(Data for processing begins)

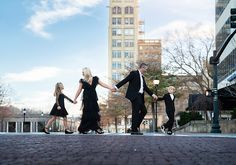 a family in formal wear walks across a cross walk in downtown Asheville Family Pics In The City, Family Photo Downtown, City Family Pictures, Downtown Family Session, Downtown Photoshoot Family, Goofy Photoshoot, Winter Photo Outfits, Formal Family Photoshoot, Downtown Family Photoshoot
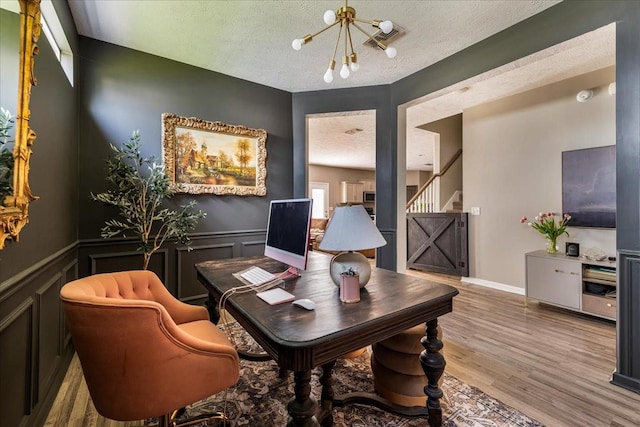 office space with a textured ceiling, a chandelier, wood finished floors, a wainscoted wall, and a decorative wall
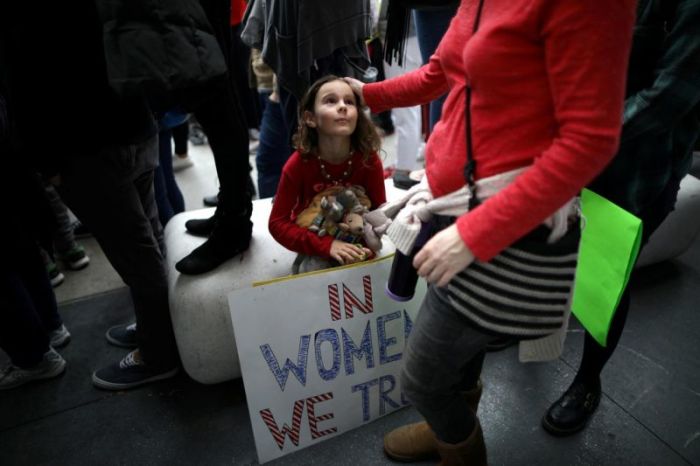 Ada Kennedy, 7, looks up at her mother as they participate in a protest march for survivors of sexual assault and their supporters in Hollywood, Los Angeles, November 13, 2017.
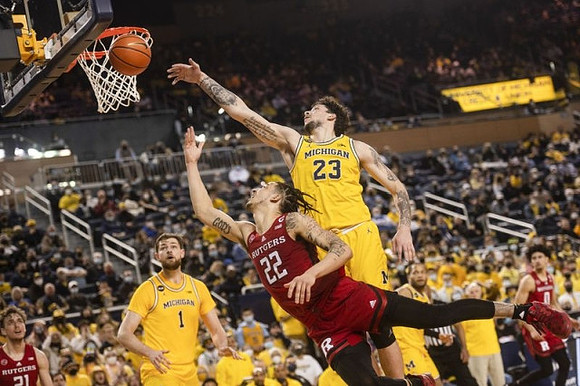 Hunter Dickinson (1), Brandon Johns Jr. (23), and DeVante' Jones (12)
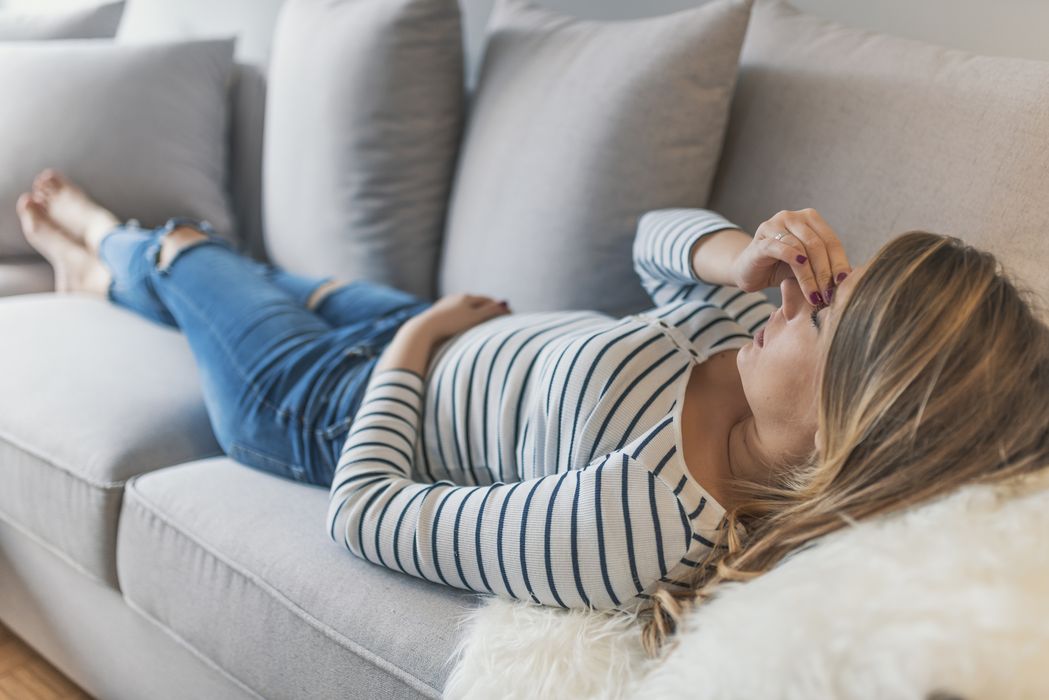 Junge Frau, liegt auf der Couch und hält eine Hand an ihre Schläfe.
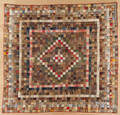 Pieced postage stamp diamond in square quilt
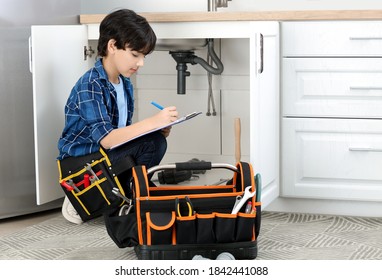 Little Plumber Repairing Sink In Kitchen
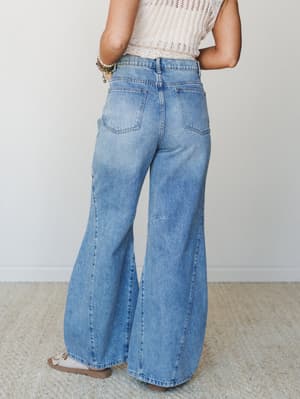 Shot from behind, a model wears roomy wide-leg barrel jeans in a faded medium wash denim, paired with a cream open-knit top and strappy sandals — the kind of effortless, lived-in outfit you reach for on a good day.
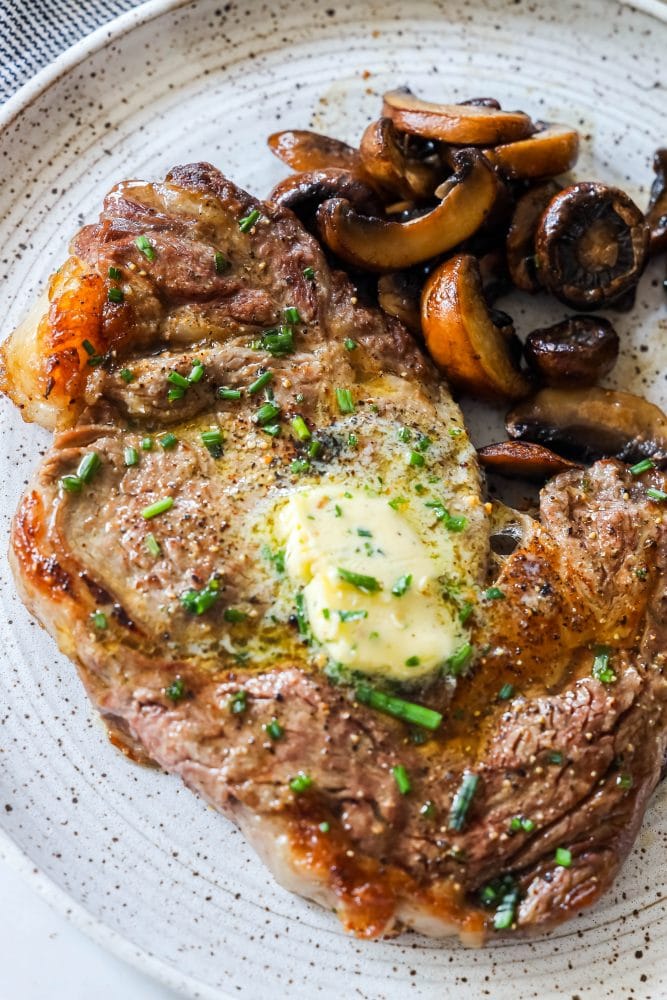 picture of ribeye steak on a plate with mushrooms and pats of butter on top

(Data for processing ends)

Exercise details: Return the opening line of the data above and every line after it up to and including the line that holds "Little Plumber Repairing Sink In Kitchen"; pictures stay out.

Solution to this exercise:
 a family in formal wear walks across a cross walk in downtown Asheville Family Pics In The City, Family Photo Downtown, City Family Pictures, Downtown Family Session, Downtown Photoshoot Family, Goofy Photoshoot, Winter Photo Outfits, Formal Family Photoshoot, Downtown Family Photoshoot
 office space with a textured ceiling, a chandelier, wood finished floors, a wainscoted wall, and a decorative wall
 Ada Kennedy, 7, looks up at her mother as they participate in a protest march for survivors of sexual assault and their supporters in Hollywood, Los Angeles, November 13, 2017.
 Hunter Dickinson (1), Brandon Johns Jr. (23), and DeVante' Jones (12)
 Junge Frau, liegt auf der Couch und hält eine Hand an ihre Schläfe.
 Pieced postage stamp diamond in square quilt
 Little Plumber Repairing Sink In Kitchen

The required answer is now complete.